◆ **GIVEN MATERIAL**:
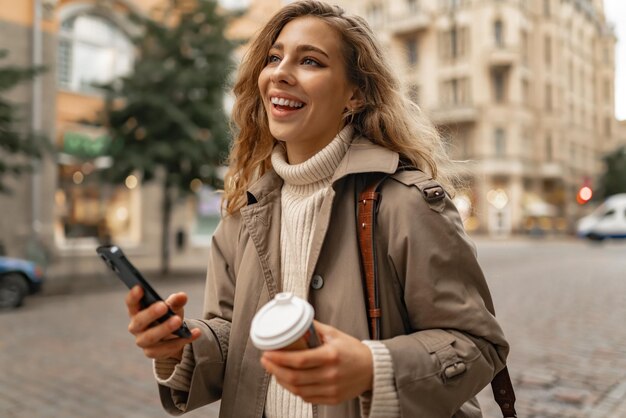 Mujer joven con cabello rubio rizado usando el teléfono con una taza de café en las manos en las calles de la ciudad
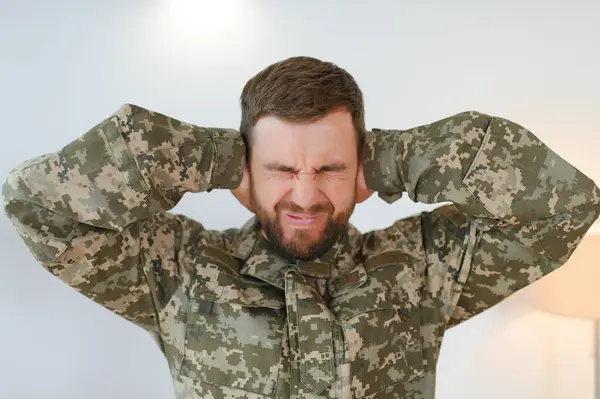 Military veteran with post traumatic stress disorder screaming at home.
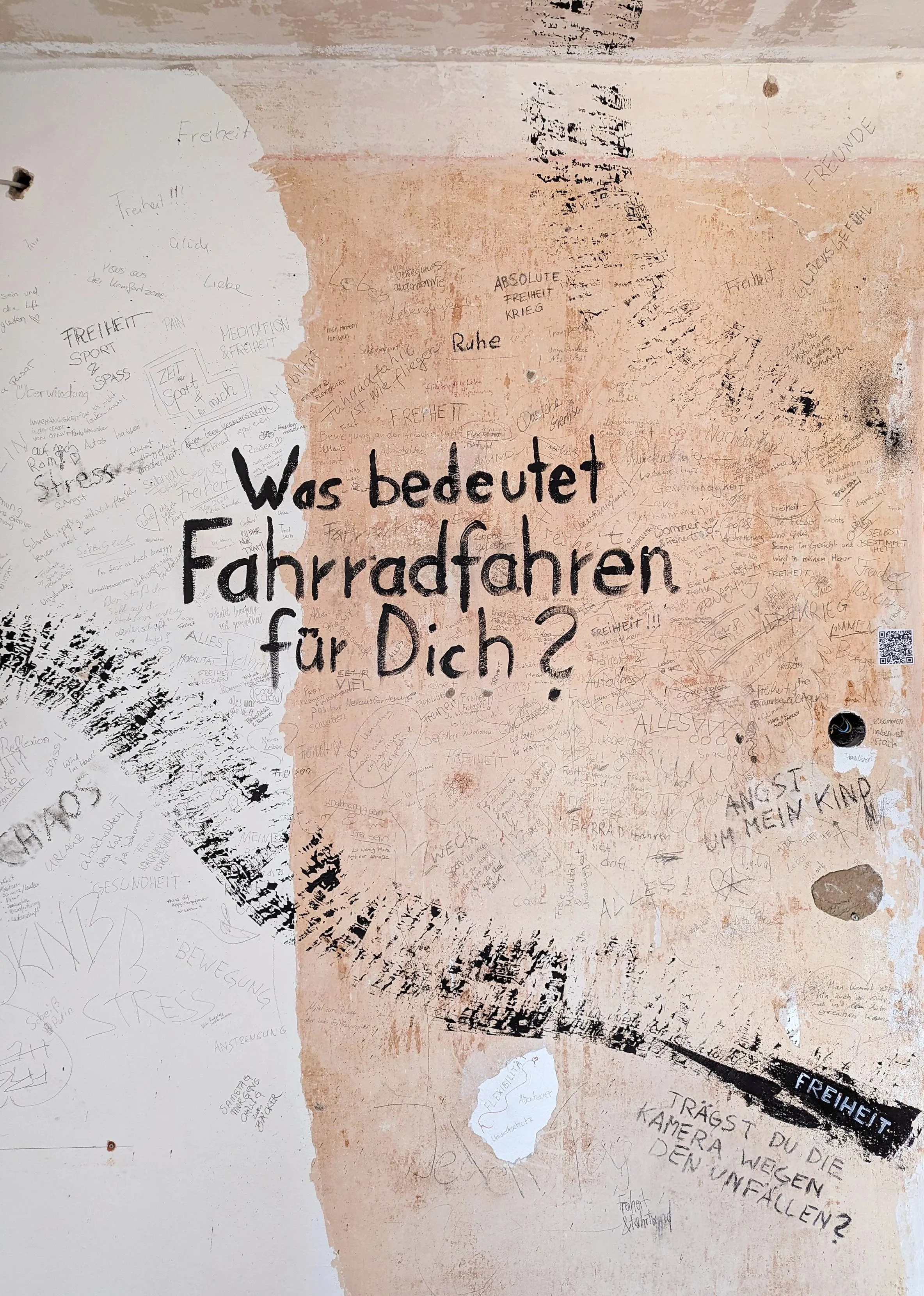 Wall with writing in German questions and comments, including a large text asking 'What does cycling mean to you?', surrounded by smaller handwritten notes and scribbles in different shades and styles.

◆ **WORK ORDER**:
Set down the material exactly, every line of it, except for the pictures.

◆ **RESULT**:
 Mujer joven con cabello rubio rizado usando el teléfono con una taza de café en las manos en las calles de la ciudad
 Military veteran with post traumatic stress disorder screaming at home.
 Wall with writing in German questions and comments, including a large text asking 'What does cycling mean to you?', surrounded by smaller handwritten notes and scribbles in different shades and styles.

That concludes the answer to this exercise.